▸ Required action:
Reproduce the listing exactly, with no pictures in your copy.

▸ Source material:
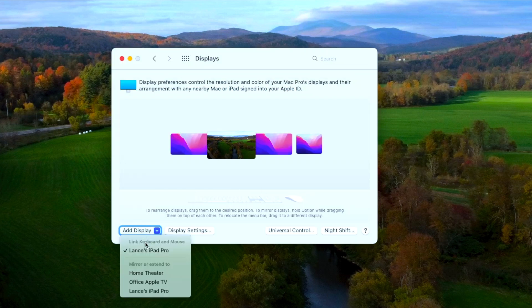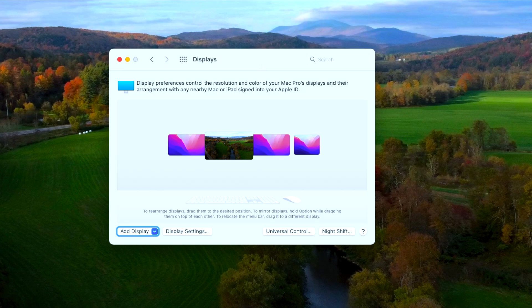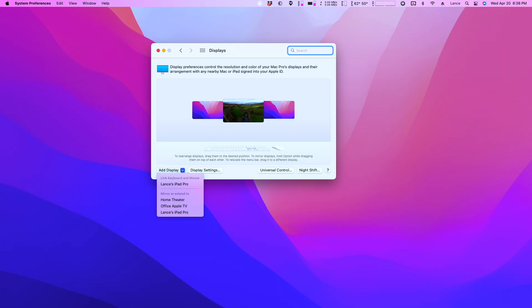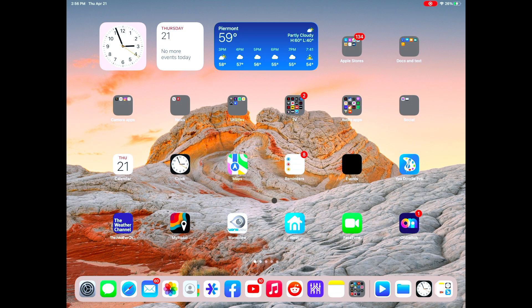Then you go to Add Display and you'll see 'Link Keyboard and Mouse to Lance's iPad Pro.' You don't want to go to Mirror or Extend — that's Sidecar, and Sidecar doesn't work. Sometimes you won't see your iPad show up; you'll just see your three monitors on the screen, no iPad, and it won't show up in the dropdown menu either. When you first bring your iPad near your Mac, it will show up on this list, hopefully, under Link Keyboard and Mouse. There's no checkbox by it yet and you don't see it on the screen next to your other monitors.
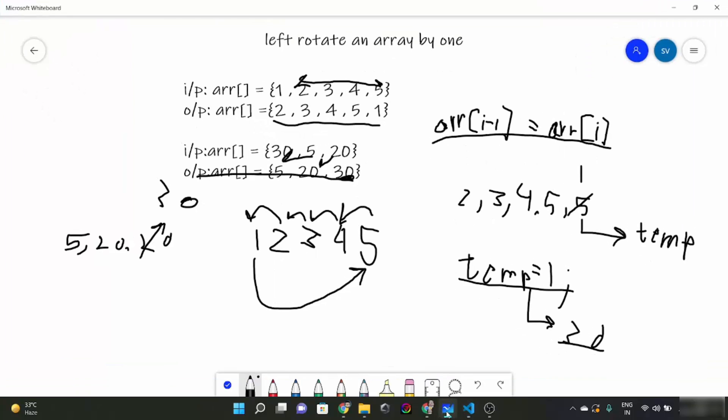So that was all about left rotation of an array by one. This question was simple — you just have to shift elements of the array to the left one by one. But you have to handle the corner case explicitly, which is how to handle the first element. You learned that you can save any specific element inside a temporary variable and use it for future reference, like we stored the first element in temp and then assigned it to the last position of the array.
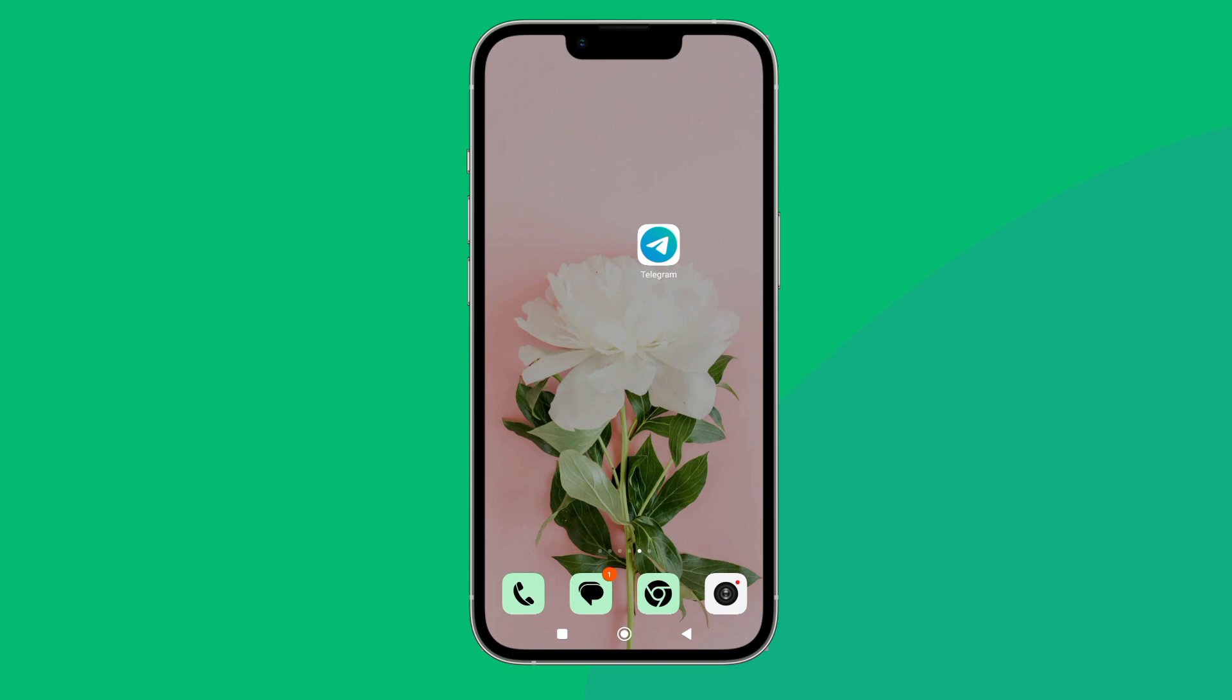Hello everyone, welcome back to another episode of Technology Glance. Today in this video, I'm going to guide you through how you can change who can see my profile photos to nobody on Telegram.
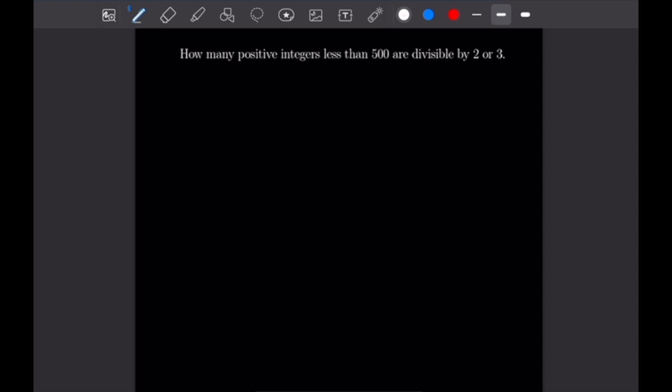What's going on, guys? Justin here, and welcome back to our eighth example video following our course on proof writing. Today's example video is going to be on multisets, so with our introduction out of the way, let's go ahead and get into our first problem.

▸ Expected output:
Then you go to Add Display and you'll see 'Link Keyboard and Mouse to Lance's iPad Pro.' You don't want to go to Mirror or Extend — that's Sidecar, and Sidecar doesn't work. Sometimes you won't see your iPad show up; you'll just see your three monitors on the screen, no iPad, and it won't show up in the dropdown menu either. When you first bring your iPad near your Mac, it will show up on this list, hopefully, under Link Keyboard and Mouse. There's no checkbox by it yet and you don't see it on the screen next to your other monitors.
So that was all about left rotation of an array by one. This question was simple — you just have to shift elements of the array to the left one by one. But you have to handle the corner case explicitly, which is how to handle the first element. You learned that you can save any specific element inside a temporary variable and use it for future reference, like we stored the first element in temp and then assigned it to the last position of the array.
Hello everyone, welcome back to another episode of Technology Glance. Today in this video, I'm going to guide you through how you can change who can see my profile photos to nobody on Telegram.
What's going on, guys? Justin here, and welcome back to our eighth example video following our course on proof writing. Today's example video is going to be on multisets, so with our introduction out of the way, let's go ahead and get into our first problem.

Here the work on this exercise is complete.